▶ Entries shown

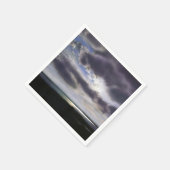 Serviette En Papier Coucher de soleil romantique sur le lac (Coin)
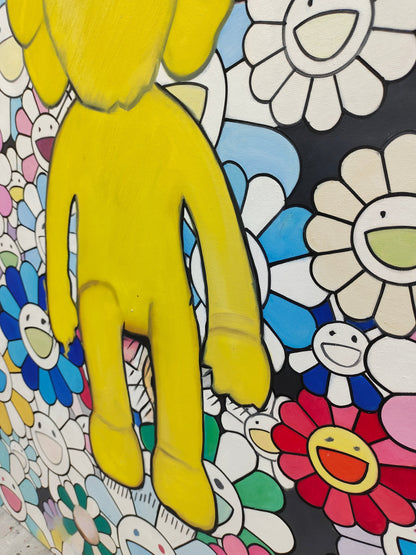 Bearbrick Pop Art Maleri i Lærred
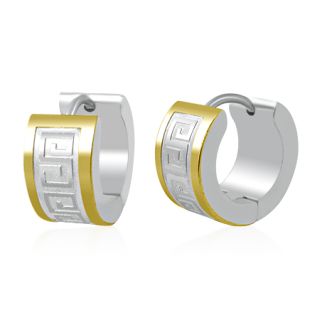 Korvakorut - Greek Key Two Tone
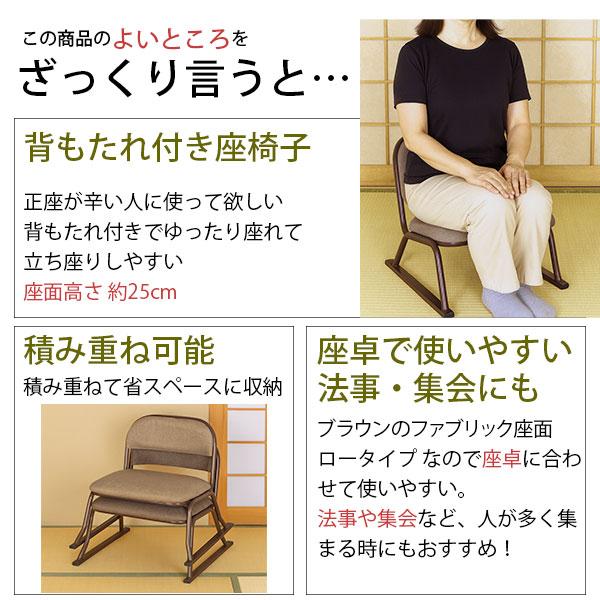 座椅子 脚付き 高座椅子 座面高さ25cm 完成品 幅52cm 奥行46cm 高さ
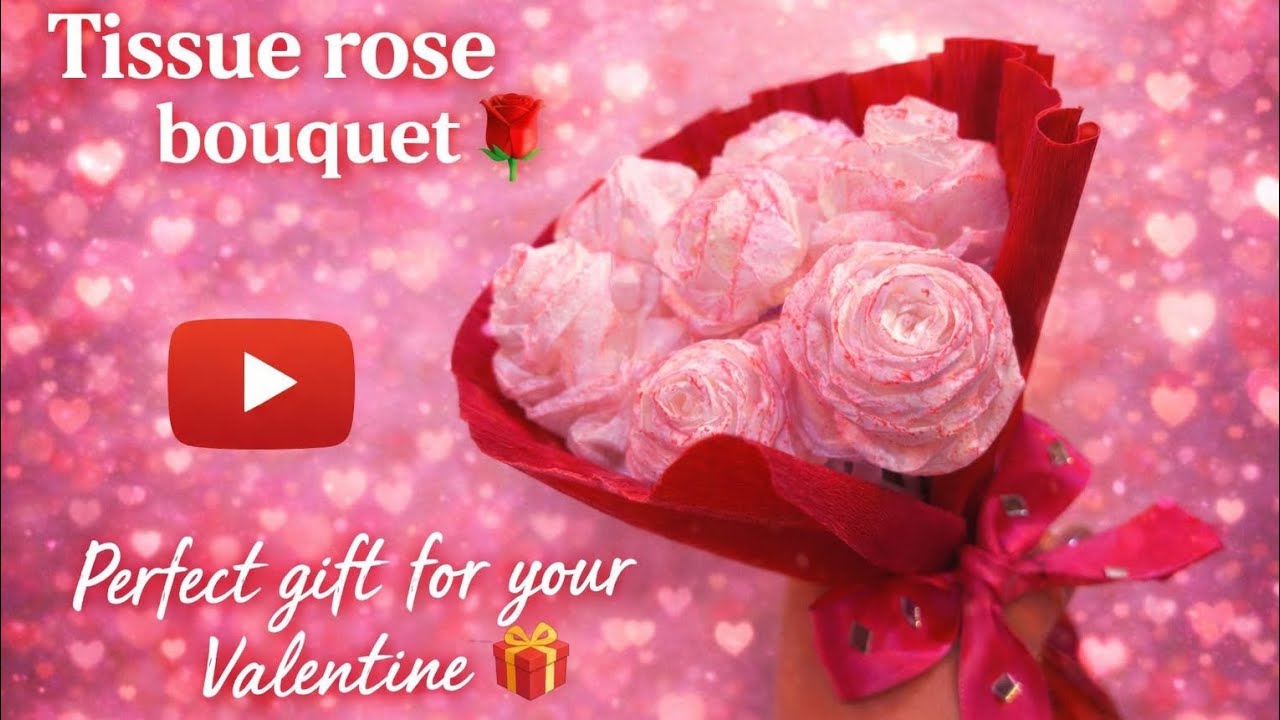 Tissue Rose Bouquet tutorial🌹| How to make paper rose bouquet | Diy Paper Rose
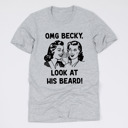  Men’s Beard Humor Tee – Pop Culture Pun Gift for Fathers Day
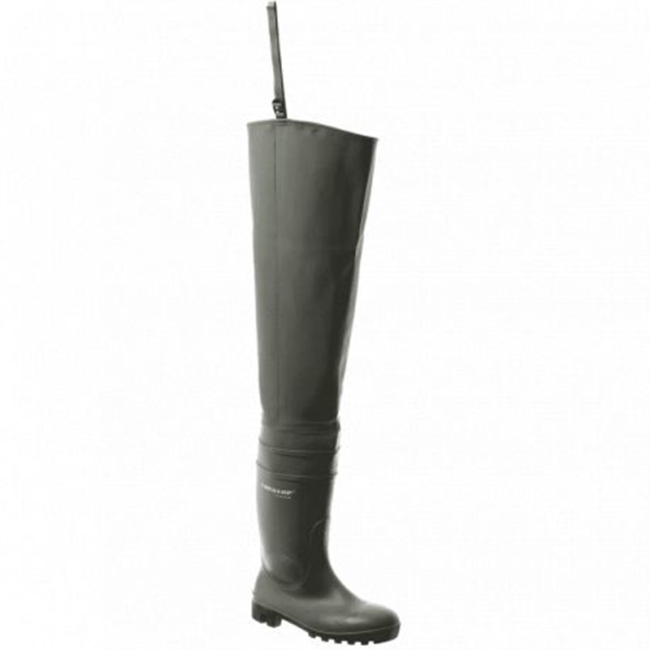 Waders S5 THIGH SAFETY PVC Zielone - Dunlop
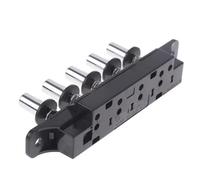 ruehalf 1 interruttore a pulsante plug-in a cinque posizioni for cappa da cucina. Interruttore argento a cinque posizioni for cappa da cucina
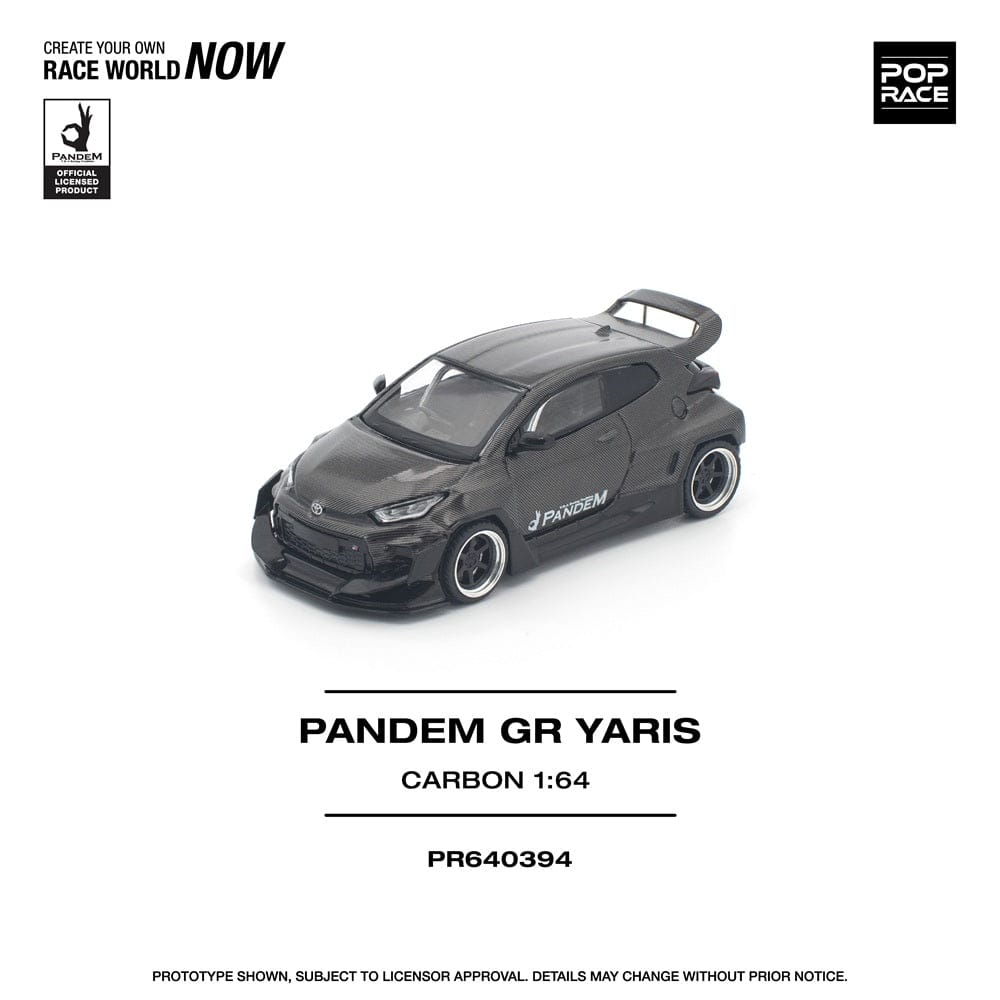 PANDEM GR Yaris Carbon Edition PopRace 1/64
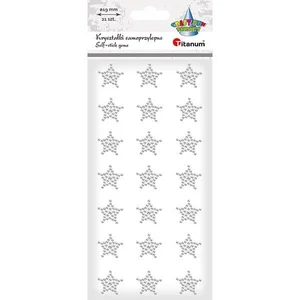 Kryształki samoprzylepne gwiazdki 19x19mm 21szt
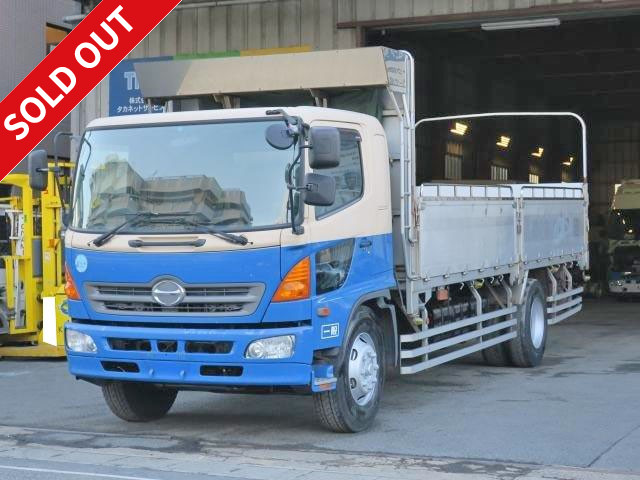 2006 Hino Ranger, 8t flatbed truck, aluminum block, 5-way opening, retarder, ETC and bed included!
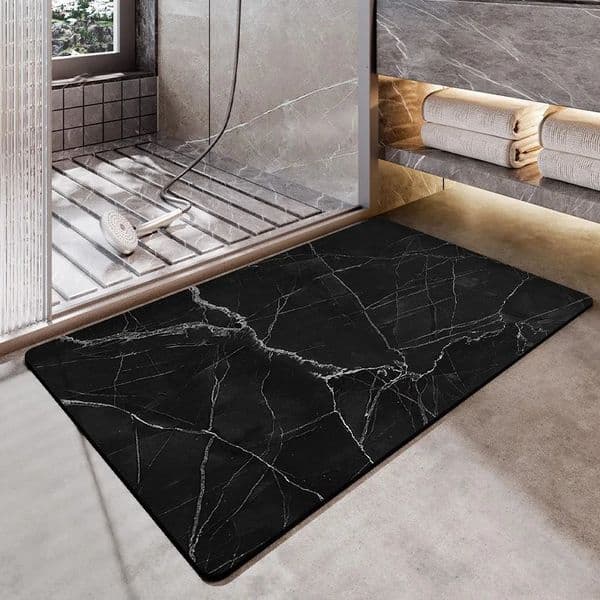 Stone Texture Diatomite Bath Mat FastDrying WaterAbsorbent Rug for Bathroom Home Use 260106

▶ Instructions for the task
Reproduce every line above word for word; no images.

▶ Answer for the task
 Serviette En Papier Coucher de soleil romantique sur le lac (Coin)
 Bearbrick Pop Art Maleri i Lærred
 Korvakorut - Greek Key Two Tone
 座椅子 脚付き 高座椅子 座面高さ25cm 完成品 幅52cm 奥行46cm 高さ
 Tissue Rose Bouquet tutorial🌹| How to make paper rose bouquet | Diy Paper Rose
  Men’s Beard Humor Tee – Pop Culture Pun Gift for Fathers Day
 Waders S5 THIGH SAFETY PVC Zielone - Dunlop
 ruehalf 1 interruttore a pulsante plug-in a cinque posizioni for cappa da cucina. Interruttore argento a cinque posizioni for cappa da cucina
 PANDEM GR Yaris Carbon Edition PopRace 1/64
 Kryształki samoprzylepne gwiazdki 19x19mm 21szt
 2006 Hino Ranger, 8t flatbed truck, aluminum block, 5-way opening, retarder, ETC and bed included!
 Stone Texture Diatomite Bath Mat FastDrying WaterAbsorbent Rug for Bathroom Home Use 260106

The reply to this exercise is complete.